━━━ Data shown

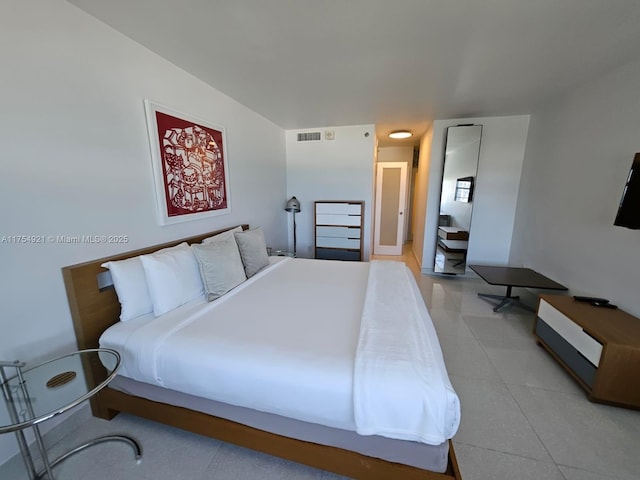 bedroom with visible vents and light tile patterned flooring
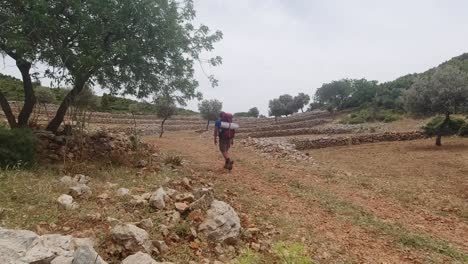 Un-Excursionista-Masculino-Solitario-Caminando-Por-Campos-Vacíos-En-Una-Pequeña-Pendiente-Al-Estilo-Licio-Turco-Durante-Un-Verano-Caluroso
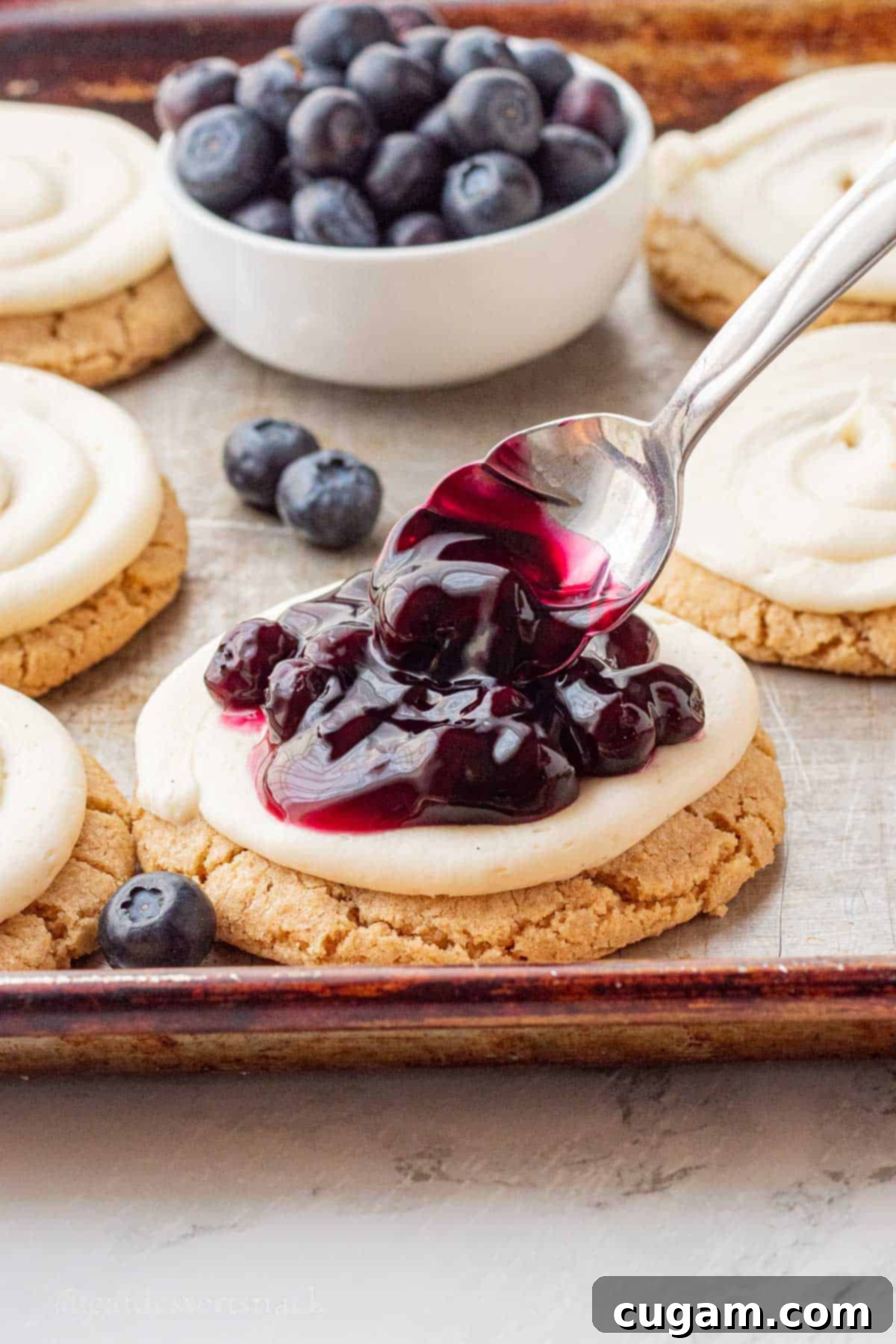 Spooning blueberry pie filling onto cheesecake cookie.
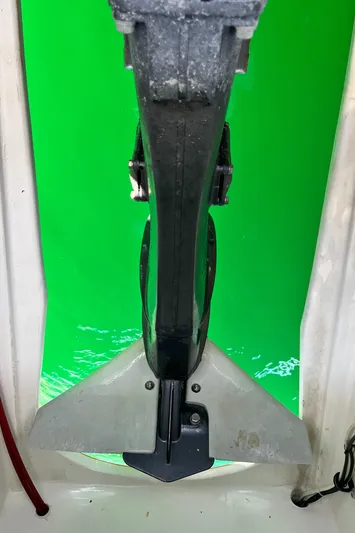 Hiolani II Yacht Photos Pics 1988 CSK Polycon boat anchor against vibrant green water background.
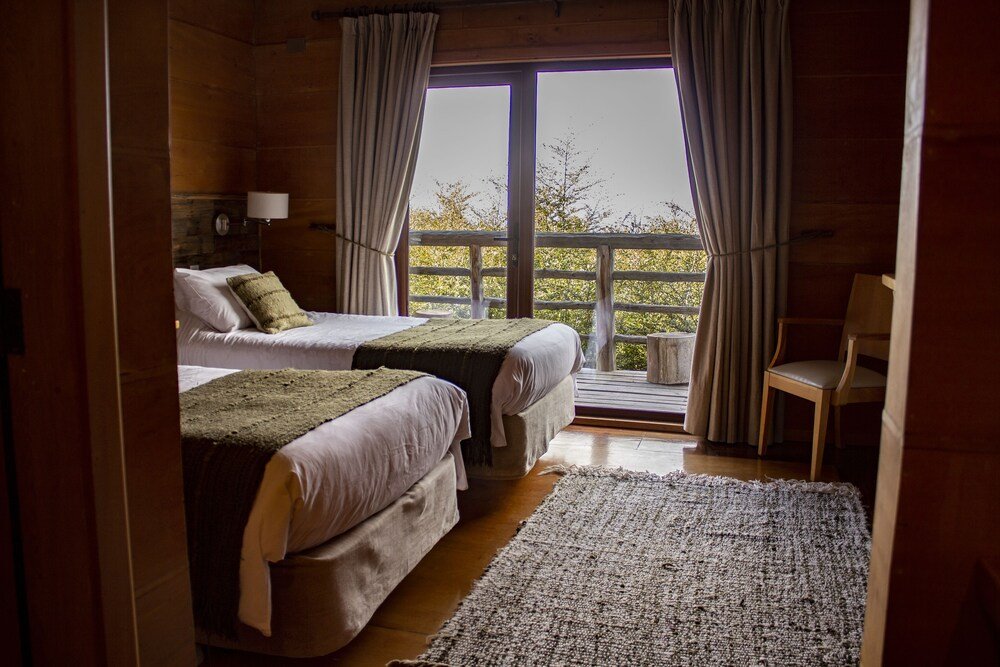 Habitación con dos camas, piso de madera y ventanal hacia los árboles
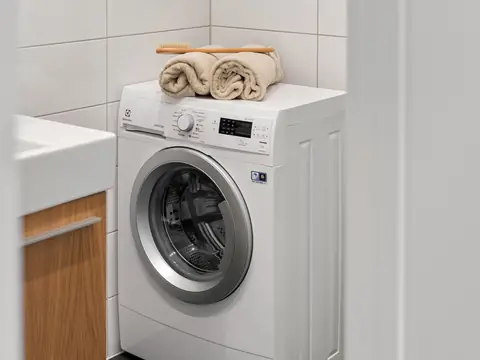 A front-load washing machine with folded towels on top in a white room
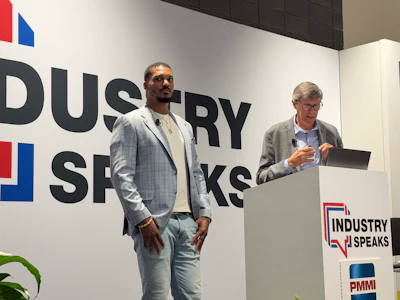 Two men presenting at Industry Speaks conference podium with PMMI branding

━━━━━━

*What to do*. When you output the entries, keep each line exactly as it is and leave out any pictures.

*Output*.
 bedroom with visible vents and light tile patterned flooring
 Un-Excursionista-Masculino-Solitario-Caminando-Por-Campos-Vacíos-En-Una-Pequeña-Pendiente-Al-Estilo-Licio-Turco-Durante-Un-Verano-Caluroso
 Spooning blueberry pie filling onto cheesecake cookie.
 Hiolani II Yacht Photos Pics 1988 CSK Polycon boat anchor against vibrant green water background.
 Habitación con dos camas, piso de madera y ventanal hacia los árboles
 A front-load washing machine with folded towels on top in a white room
 Two men presenting at Industry Speaks conference podium with PMMI branding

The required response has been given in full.